__Record excerpts__.
========================

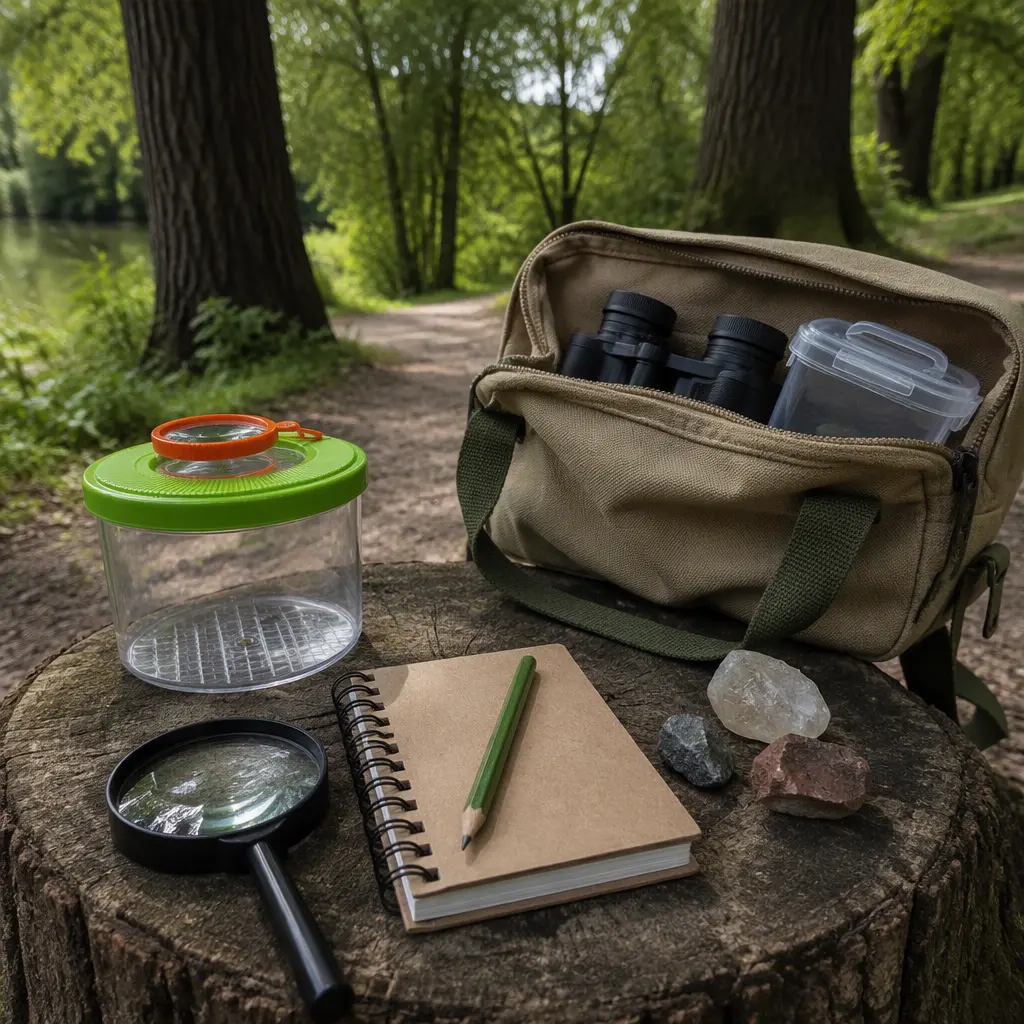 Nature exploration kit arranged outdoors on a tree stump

========================

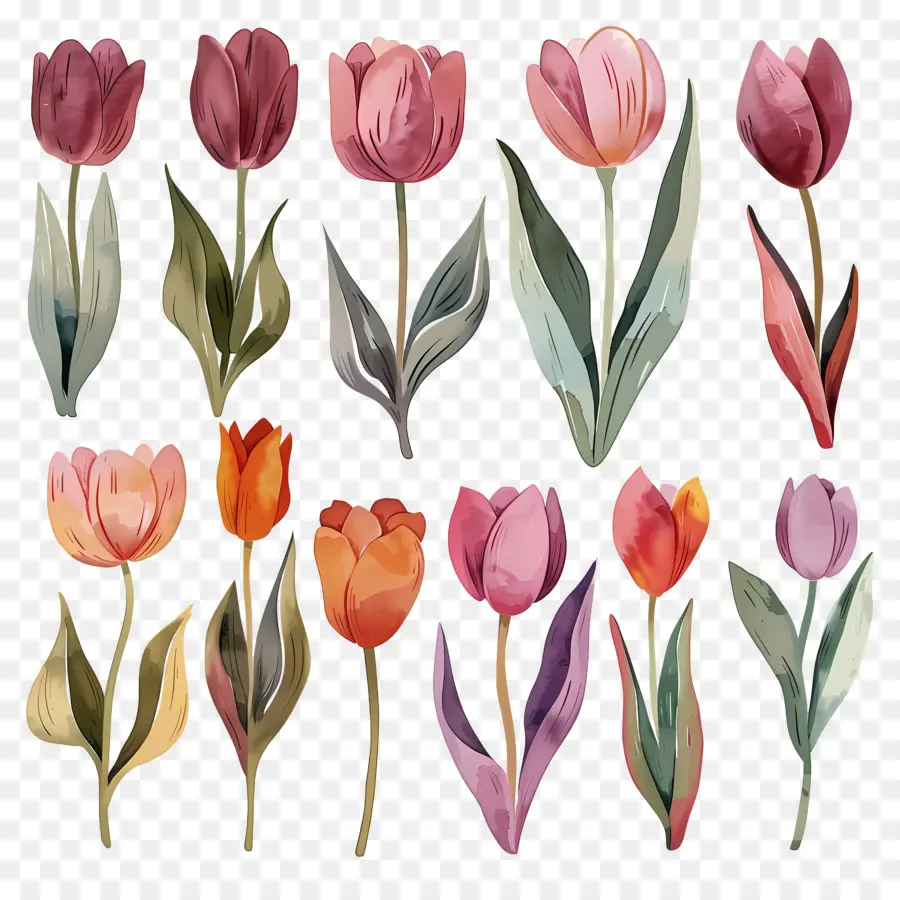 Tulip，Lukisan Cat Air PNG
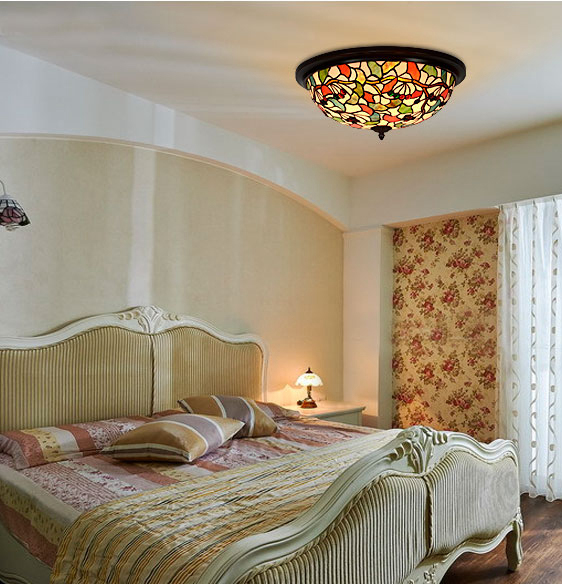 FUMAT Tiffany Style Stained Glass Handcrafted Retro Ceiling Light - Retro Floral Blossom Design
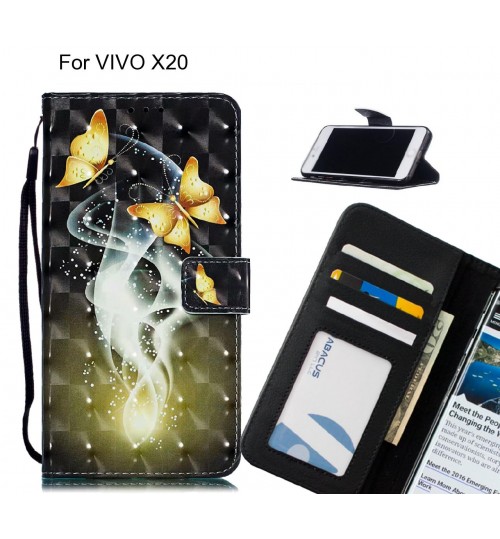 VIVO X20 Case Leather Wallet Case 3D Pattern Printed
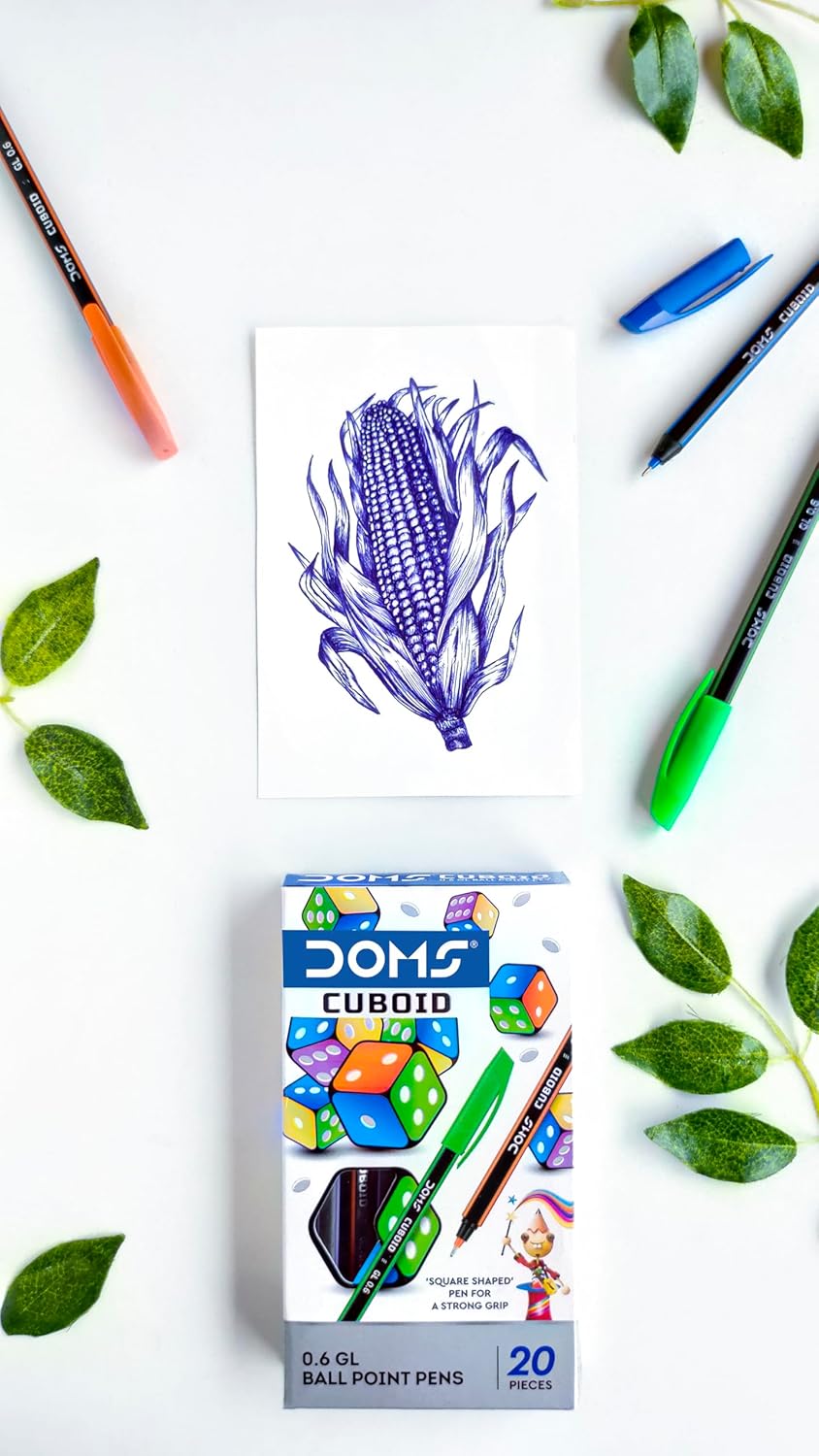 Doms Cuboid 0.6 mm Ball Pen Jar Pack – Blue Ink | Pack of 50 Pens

========================

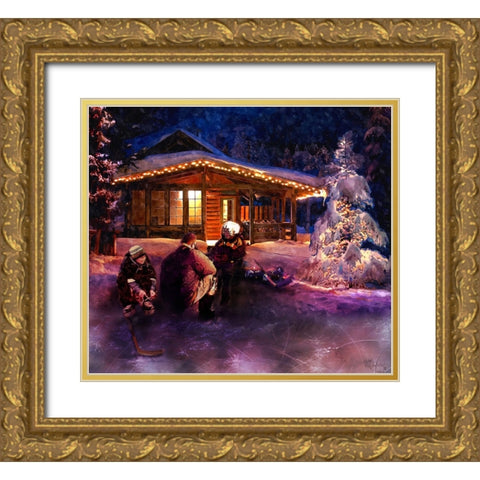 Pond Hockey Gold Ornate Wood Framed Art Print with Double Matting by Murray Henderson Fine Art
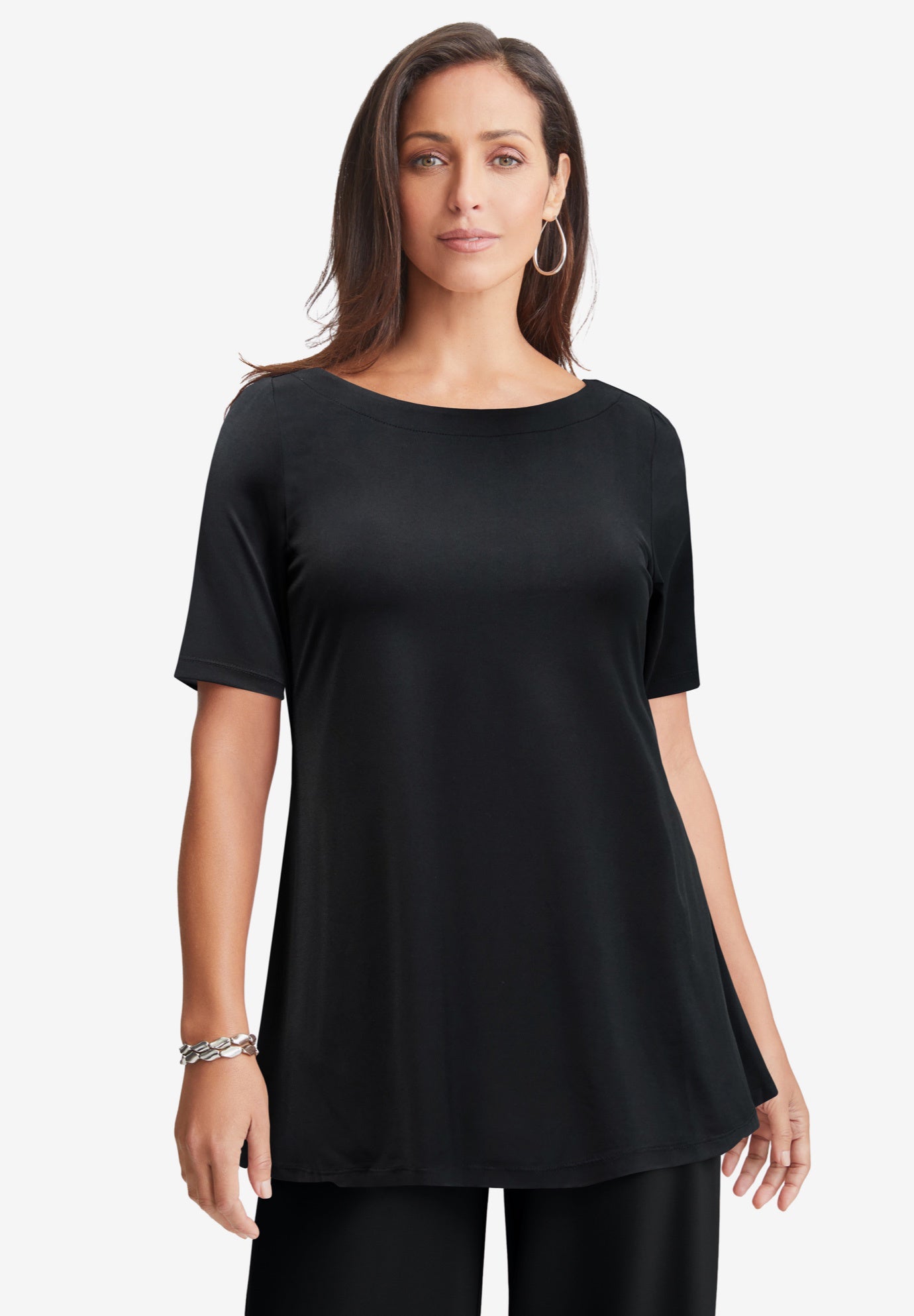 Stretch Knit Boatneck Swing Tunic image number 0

========================

__Problem description__. From the material above, output only the span of lines that starts at the one containing "VIVO X20 Case" and finishes at the one containing "Doms Cuboid 0.6", word for word and free of pictures.

__Response area__.
 VIVO X20 Case Leather Wallet Case 3D Pattern Printed
 Doms Cuboid 0.6 mm Ball Pen Jar Pack – Blue Ink | Pack of 50 Pens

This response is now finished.